*MATERIAL PROVIDED*.

******

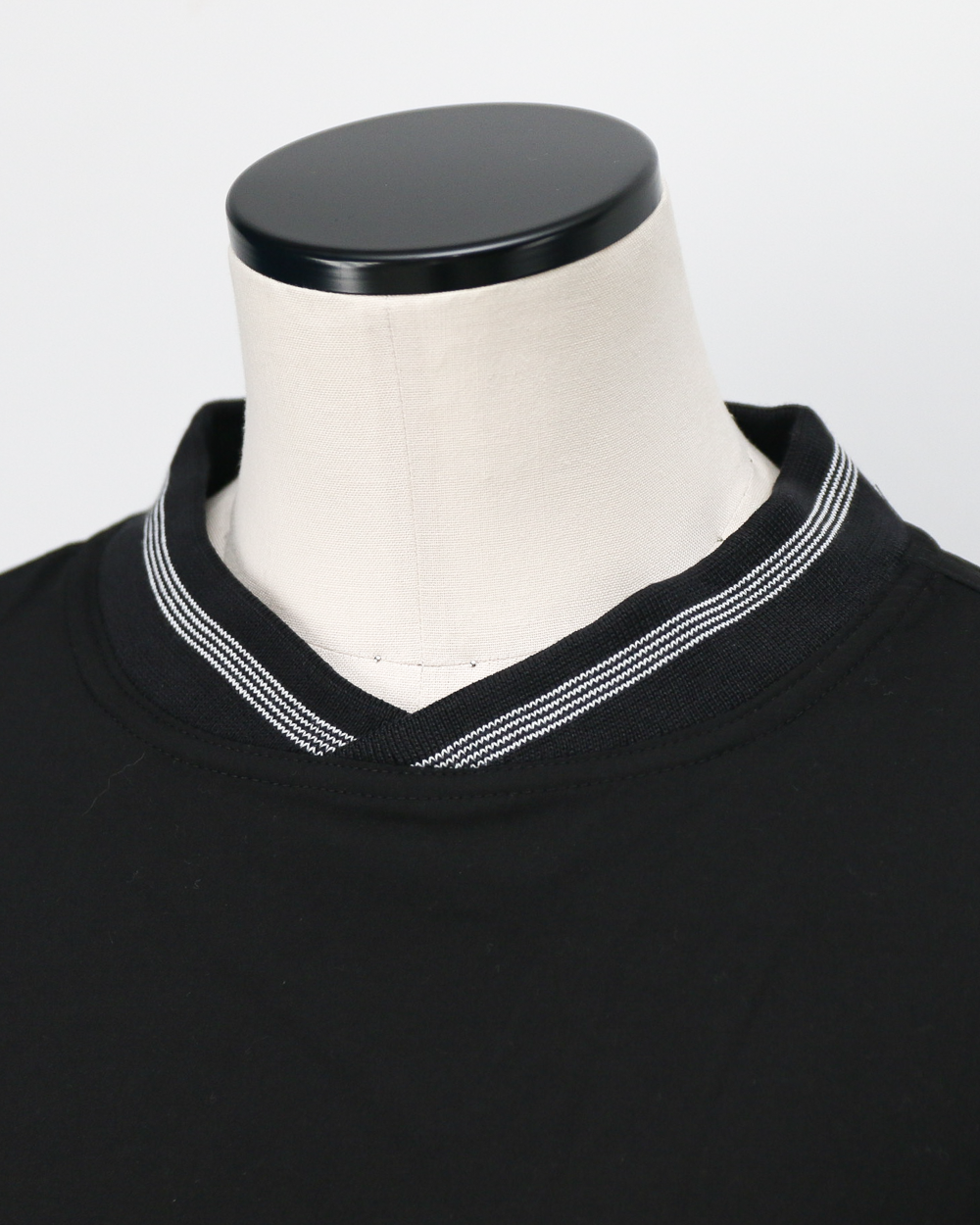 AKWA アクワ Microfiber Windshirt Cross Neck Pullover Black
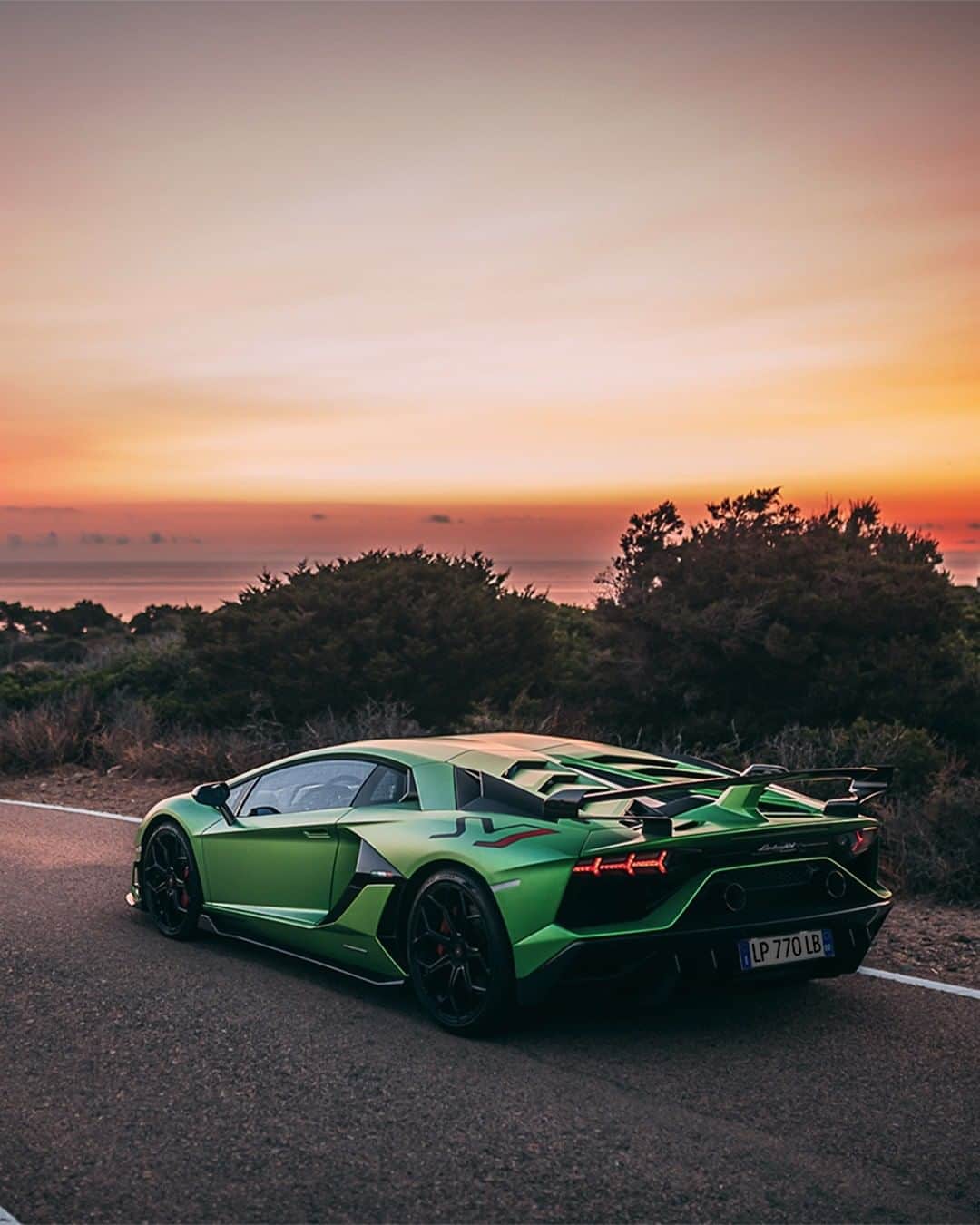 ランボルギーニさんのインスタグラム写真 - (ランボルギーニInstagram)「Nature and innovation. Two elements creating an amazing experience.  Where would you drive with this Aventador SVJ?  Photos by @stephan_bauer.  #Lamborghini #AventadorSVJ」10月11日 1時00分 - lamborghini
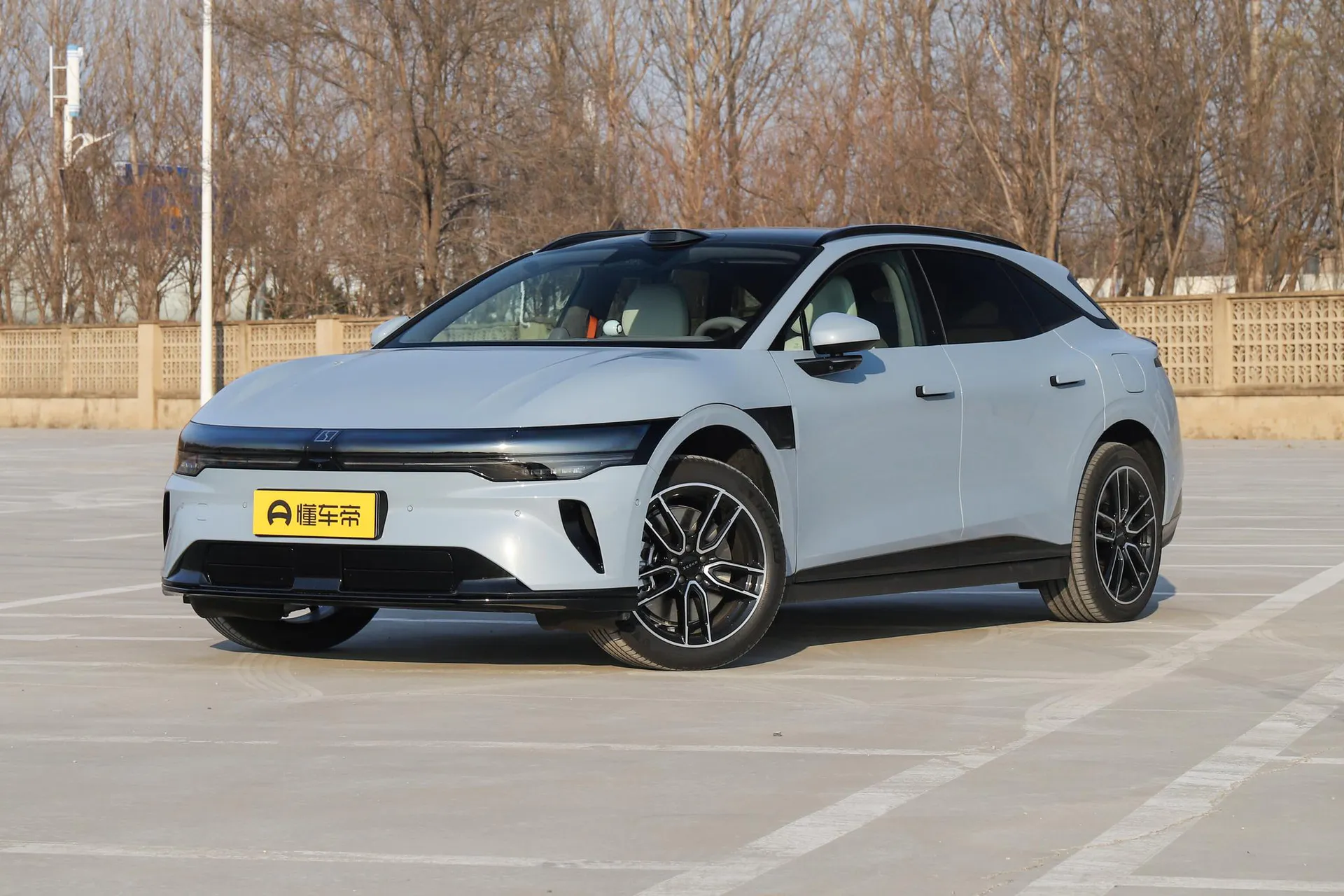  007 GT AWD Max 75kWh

******

When you copy the data above, reproduce each line exactly and skip every image.

*SOLUTION FOR THIS TASK*.
 AKWA アクワ Microfiber Windshirt Cross Neck Pullover Black
 ランボルギーニさんのインスタグラム写真 - (ランボルギーニInstagram)「Nature and innovation. Two elements creating an amazing experience.  Where would you drive with this Aventador SVJ?  Photos by @stephan_bauer.  #Lamborghini #AventadorSVJ」10月11日 1時00分 - lamborghini
  007 GT AWD Max 75kWh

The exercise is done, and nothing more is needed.